Bu Hanum menatap sedih langkah majikannya. Bagaimana mungkin wanita itu tetap tegar setelah hampir mati di tangan suaminya sendiri. Dia tetap tersenyum tetap ramah seperti biasanya walaupun ada luka yang menganga di hatinya, Bu Hanum tahu betul luka wanita itu karena dia melihat sendiri perlakuan kasar Danendra hampir setiap harinya.
Kini genap sudah Danen tidak pernah menginap di rumah ini, dia hanya sesekali pulang cuman untuk melihat bayinya lalu setelah itu dia pergi lagi, tidak perduli sekeras apa usaha Alena untuk menahannya pria itu tetap pergi dengan alasan yang tidak bisa dimengerti.
“Laras!” Panggil Bu Hanum saat melihat teman kerjanya baru saja memasuki kamar untuk menyusun baju bayi yang baru ia cuci.
“Apa bu?”
“Kamu betah kerja di sini?” Laras sempat terkejut dengan pertanyaan tiba-tiba itu.
“Emang kenapa bu? Ibu gak betah kah, jangan berhenti bu saya gak ada teman kalo ibu berenti dari sini.”
“Heh bukan gitu, saya betah disini, Bu Alena itu orang baik dia memperlakukan kita kayak keluarga. Tapi kasian setiap dia bersama suaminya dia tertekan bahkan bisa mati kalo gak ada kita di rumah ini.” Bu Hanum menatap hampa, setiap membayangkan Danendra pulang dengan wajah sendu itu lalu tidak lama ia pasti mendengar rintihan dari Alena, kenapa pria itu selalu menyakiti istrinya Bu Hanum merasa dia harus berbuat sesuatu.

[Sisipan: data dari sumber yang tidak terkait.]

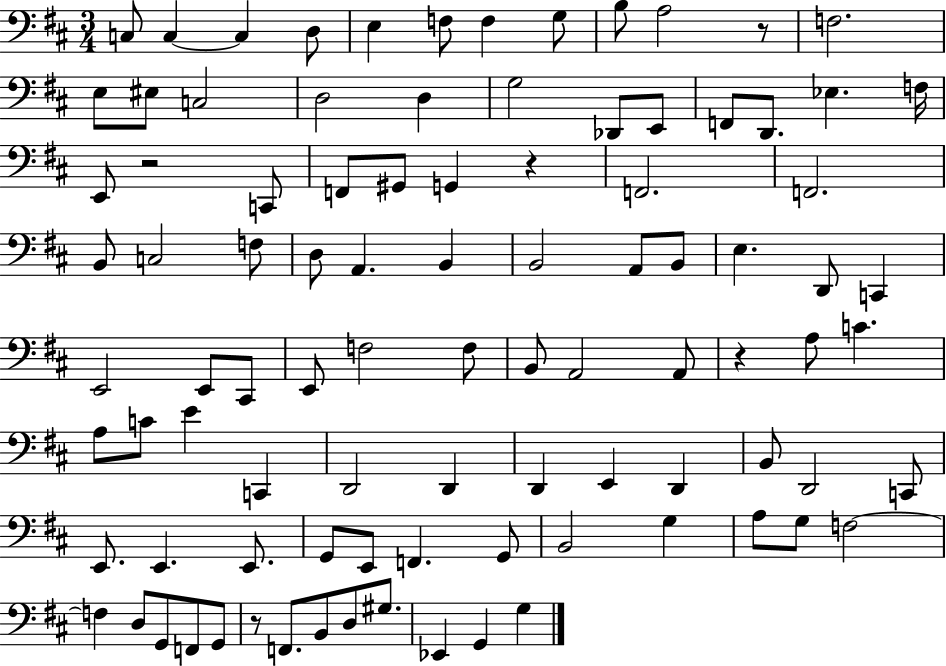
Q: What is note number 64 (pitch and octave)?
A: D2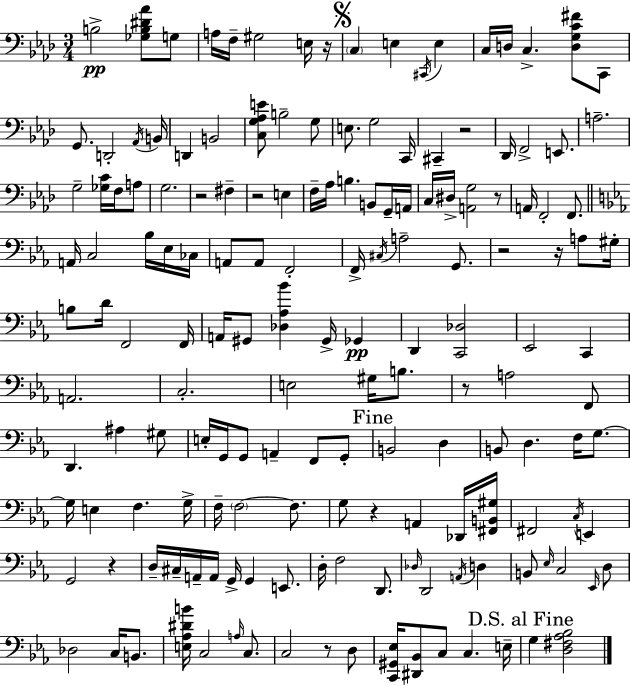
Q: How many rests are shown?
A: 11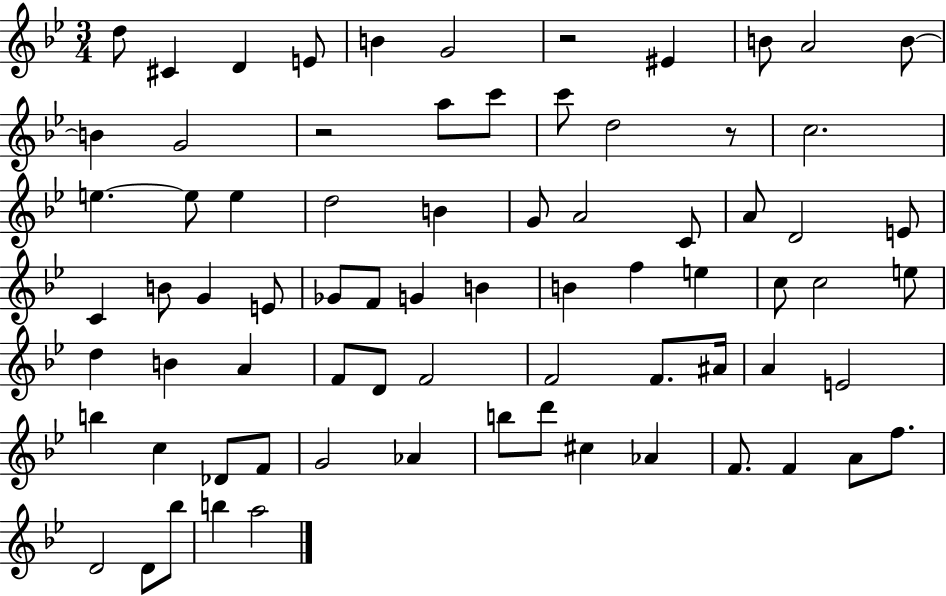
D5/e C#4/q D4/q E4/e B4/q G4/h R/h EIS4/q B4/e A4/h B4/e B4/q G4/h R/h A5/e C6/e C6/e D5/h R/e C5/h. E5/q. E5/e E5/q D5/h B4/q G4/e A4/h C4/e A4/e D4/h E4/e C4/q B4/e G4/q E4/e Gb4/e F4/e G4/q B4/q B4/q F5/q E5/q C5/e C5/h E5/e D5/q B4/q A4/q F4/e D4/e F4/h F4/h F4/e. A#4/s A4/q E4/h B5/q C5/q Db4/e F4/e G4/h Ab4/q B5/e D6/e C#5/q Ab4/q F4/e. F4/q A4/e F5/e. D4/h D4/e Bb5/e B5/q A5/h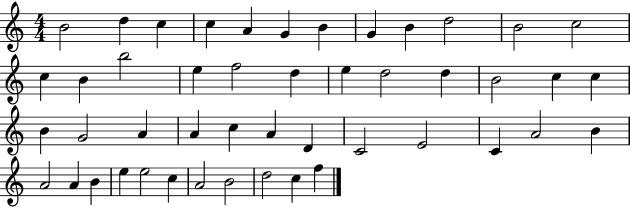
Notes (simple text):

B4/h D5/q C5/q C5/q A4/q G4/q B4/q G4/q B4/q D5/h B4/h C5/h C5/q B4/q B5/h E5/q F5/h D5/q E5/q D5/h D5/q B4/h C5/q C5/q B4/q G4/h A4/q A4/q C5/q A4/q D4/q C4/h E4/h C4/q A4/h B4/q A4/h A4/q B4/q E5/q E5/h C5/q A4/h B4/h D5/h C5/q F5/q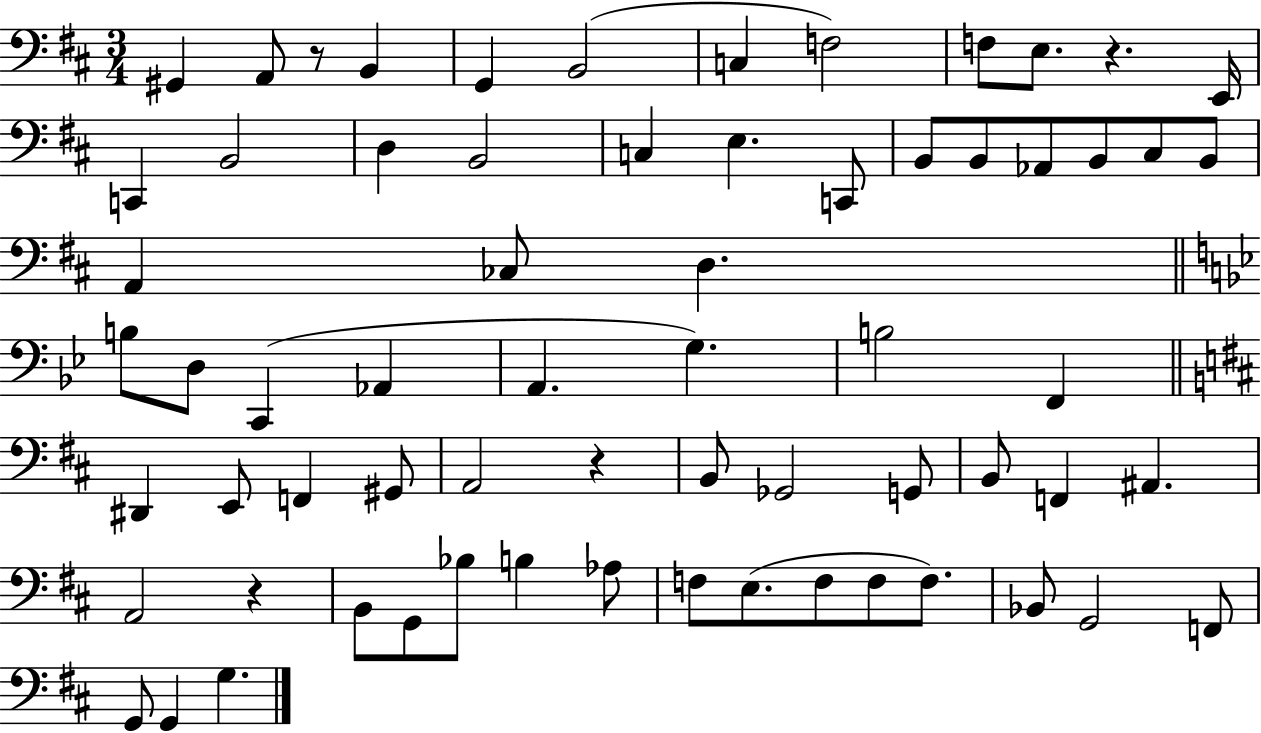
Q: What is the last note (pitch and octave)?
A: G3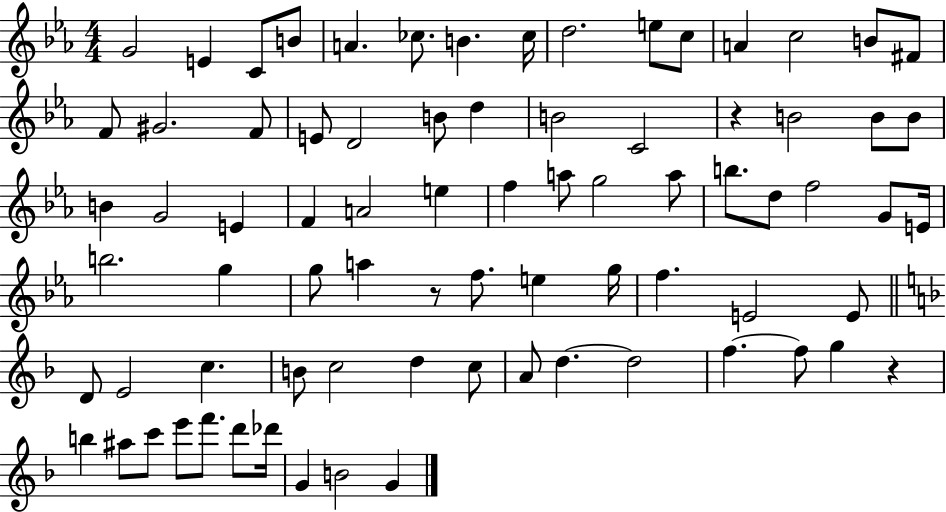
X:1
T:Untitled
M:4/4
L:1/4
K:Eb
G2 E C/2 B/2 A _c/2 B _c/4 d2 e/2 c/2 A c2 B/2 ^F/2 F/2 ^G2 F/2 E/2 D2 B/2 d B2 C2 z B2 B/2 B/2 B G2 E F A2 e f a/2 g2 a/2 b/2 d/2 f2 G/2 E/4 b2 g g/2 a z/2 f/2 e g/4 f E2 E/2 D/2 E2 c B/2 c2 d c/2 A/2 d d2 f f/2 g z b ^a/2 c'/2 e'/2 f'/2 d'/2 _d'/4 G B2 G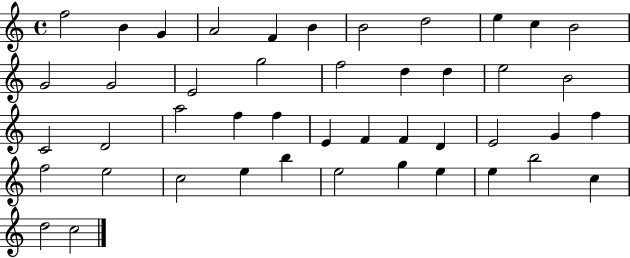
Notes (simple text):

F5/h B4/q G4/q A4/h F4/q B4/q B4/h D5/h E5/q C5/q B4/h G4/h G4/h E4/h G5/h F5/h D5/q D5/q E5/h B4/h C4/h D4/h A5/h F5/q F5/q E4/q F4/q F4/q D4/q E4/h G4/q F5/q F5/h E5/h C5/h E5/q B5/q E5/h G5/q E5/q E5/q B5/h C5/q D5/h C5/h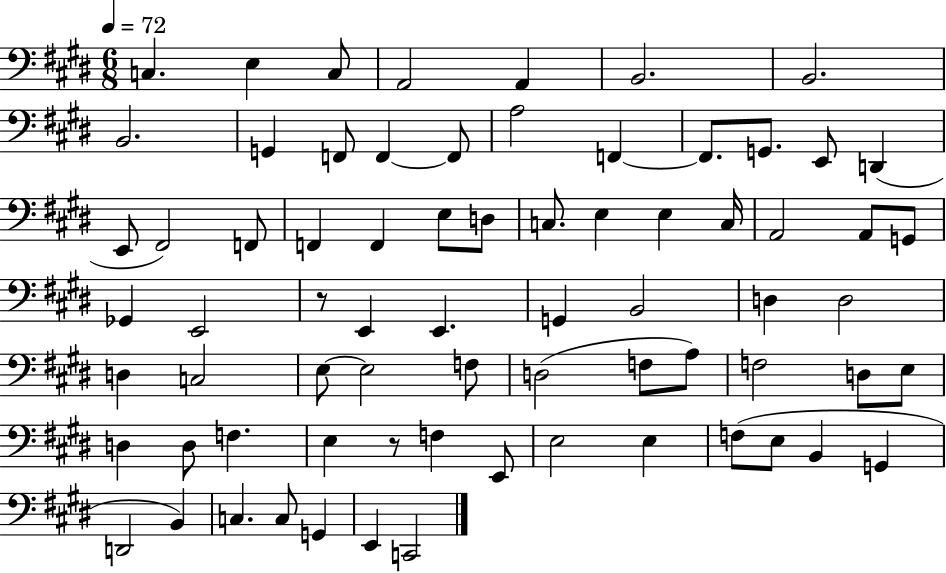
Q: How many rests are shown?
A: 2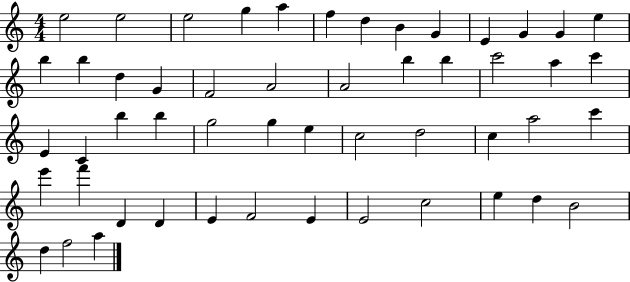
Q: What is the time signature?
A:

“Ya mau gimana lagi bu, kita cuman kerja di sini kita gak bisa berbuat banyak, yang penting kita jangan lengah aja selalu waspada setiap Pak Danen pulang, saya takut kalo dia ada di rumah ini.”
“Saya itu kasihan liat keadaan Bu Alena, saya sedih dia mengingatkan saya kepada anak perempuan saya dulu. Nasibnya juga malang dapat suami tukang pukul hingga akhirnya anak saya mati di tangan suaminya sendiri.” Mata Bu Hanum mulai memerah, ia kembali ke masa lalu membasahi luka yang telah kering.
“Saya pengen ketemu Pak Dharma, dia harus tau bagaimana anak perempuannya selama ini hidup, amit-amit jangan sampai Pak Dharma harus mengalami hal yang sama kayak saya.”
“Tapi gimana Bu Hanum, Bu Alena sendiri yang menyuruh kita tetap tutup mulut dia tidak ingin masalah keluarganya sampai ke luar. “
“Bu Alena itu terlalu polos, dia percaya suaminya akan berubah padahal itu susah gak mungkin sekali pemarah tetap pemarah. Saya gak sanggup liat ini.”
“Kita harus menghubungi Pak Dharma, Ras.”
Kedua wanita itu terlihat sendu, mereka juga merasakan kesedihan yang di alami Alena, “jangan!” kehadiran suara pelan itu membuat kedua wanita paruh baya langsung menutup mulutnya rapat dengan kepala tertunduk.
“Bu saya mohon jangan ceritakan ke siapa pun masalah saya, apalagi ke papa.” Alena yang menggendong bayi di tangannya berjalan mendekat, “ini masalah rumah tangga saya, maaf jika membuat kalian tidak nyaman tapi tolong saya, tolong jangan bilang kepada siapa pun.”
“Tapi sampai kapan Bu. Ibu gak bisa terus-terusan diam menghadapi suami Ibu, dia itu berbahaya.” Lama sudah Bu Hanum memendam kalimat ini.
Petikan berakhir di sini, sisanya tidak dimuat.